Ahold must act very diplomatically
“It is now or never” is how Rabobank’s financial analysts describe the merger talks between Delhaize and Ahold. “Both were indeed close to a merger in 2006 and we have heard plenty of rumours, but a deal seems closer than ever, as the support of all parties involved is considerably higher than in 2006”, Rabobank’s report – subtly called “Romance tussen de schappen” (Romance between the shelves) – said.
The negotiators’ biggest challenge is to agree on Ahold and Delhaize’s evaluation, which will then lead to a price shareholders can accept. In that regard, Ahold will have to act very diplomatically, because any whisper of a hostile take-over will only jack up the price while its chances for success, dependent on the cooperation of all management teams so that product ranges and IT infrastructure (to name a few obstacles) can integrated, will be minimal at best.
The bank believes Ahold took the first step to start merger talks, backed by an extensive preparation and a detailed plan. Analysts also feel this plan has taken into account all the sensitive issues at play: Rabobank advises a deal based on exchanging shares in the new enterprise, which better fits an agreement between equals instead of Delhaize’s acquisition by Ahold.

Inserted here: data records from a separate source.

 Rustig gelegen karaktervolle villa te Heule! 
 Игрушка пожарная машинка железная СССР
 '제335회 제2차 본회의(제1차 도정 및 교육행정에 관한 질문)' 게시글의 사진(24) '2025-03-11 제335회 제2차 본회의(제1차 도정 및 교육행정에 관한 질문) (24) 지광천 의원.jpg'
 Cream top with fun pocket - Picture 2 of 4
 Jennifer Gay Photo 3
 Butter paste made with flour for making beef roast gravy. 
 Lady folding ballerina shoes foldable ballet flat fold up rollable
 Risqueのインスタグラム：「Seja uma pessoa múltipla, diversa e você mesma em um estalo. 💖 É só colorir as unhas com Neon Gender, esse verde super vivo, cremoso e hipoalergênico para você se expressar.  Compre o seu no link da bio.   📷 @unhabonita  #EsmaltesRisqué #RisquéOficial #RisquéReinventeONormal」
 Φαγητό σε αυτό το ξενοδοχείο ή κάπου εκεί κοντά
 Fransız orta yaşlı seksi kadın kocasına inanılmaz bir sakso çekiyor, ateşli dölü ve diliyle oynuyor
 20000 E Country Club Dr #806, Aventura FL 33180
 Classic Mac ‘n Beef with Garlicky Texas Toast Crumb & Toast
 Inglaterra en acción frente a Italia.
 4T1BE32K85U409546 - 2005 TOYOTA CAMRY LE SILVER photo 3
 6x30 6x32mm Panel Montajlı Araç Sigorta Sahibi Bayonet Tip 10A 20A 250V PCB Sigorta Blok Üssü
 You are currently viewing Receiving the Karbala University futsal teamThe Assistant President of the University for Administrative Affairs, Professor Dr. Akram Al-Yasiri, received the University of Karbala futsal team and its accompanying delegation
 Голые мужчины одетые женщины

Such a deal would also eliminate any goodwill costs, while Ahold won’t have to get into debt to move things along. “Delhaize’s shareholders might even be enticed further by offering a combination of cash and shares”, the report states.
“Momentum much better than in 2006”
The bank feels there is about a 70 % chance the Delhaize – Ahold merger will go through, with two new Dutch CEO’s at the head of each company, who know each other well and have collaborated before. There is also a larger strategic need to take a huge leap forward, more so than in 2006 according to the bank.
Back then, Ahold was still recovering from a series of accounting scandals that surfaced in 2003. Its CEO at the time, Anders Moberg (former IKEA employee) was more of a financial wizard than an actual retailer. Delhaize on the other hand catered more to the family holding’s sensitivities back then, which resulted in CEO Pierre Olivier Beckers’ reluctance to take any decisive actions.
“Now, both companies are being led by experienced retailers who are fully aware of what the company needs to do to expand the business and return to structural growth, both volume and margin-wise”, analysts wrote. “Both portfolios are a better fit nowadays and the advantages of this deal have such a rational power that potential cultural and political barriers can be overcome, just the same way it can solve any possible valuation discussions.”
Delhaize can recover more quickly thanks to Ahold
Delhaize is a more interesting party to Ahold than any of the other possible candidates: “You had underperforming targets like A&P, retailers who were at the end of their lifecycle like HEMA or expensive retailers like Harris Teeter and Pick & Pay. Delhaize offers the most growth potential, by far.” Ahold’s experience online and in convenience retail could open up doors for Delhaize as well.
The bank also feels Ahold is the ideal partner for Delhaize Belgium to recover faster, particularly when they can get better purchase conditions. Rabobank thinks better conditions could help save up to 550 million euro, which can then be invested improving both formulas’ price perception. A gross profit margin recovery could reach 2 or 3 %. By comparison, Delhaize still managed a 5 % gross profit margin in 2010.
Improved labour relations could also help improve the Belgian recovery thanks to a recent agreement between Delhaize and the labour unions. No additional measures are expected to further anger labour unions. The report also states Ahold will adjust its Belgian Albert Heijn expansion plans to spare Delhaize in that regard.
“Ahold’s online belongs to the top 3 in the world”
In 2015, the Ahold-Delhaize combination could have a 61 billion euro turnover, a 2.3 billion euro gross profit and a 1.3 billion euro net profit. Its United States operations represent 65 % of its turnover and 64 % of its gross profit, which means that a merger would result in a dominant supermarket retailer both in the United States and in the Benelux. In Southeast Europe, the group would have leading positions in Greece, the Czech Republic, Romania and Serbia, while the region would represent 8 % of total turnover and 7 % of the gross profit.
Ahold will be the leading contributor online: “We consider Ahold’s online to belong to the top 3 in the world when it comes to online food sales, both in turnover (0.9 billion euro) and online capabilities”, the Rabo analysts said. With plenty of online and offline synergies, the pressure on the negotiators to strike a deal will only increase.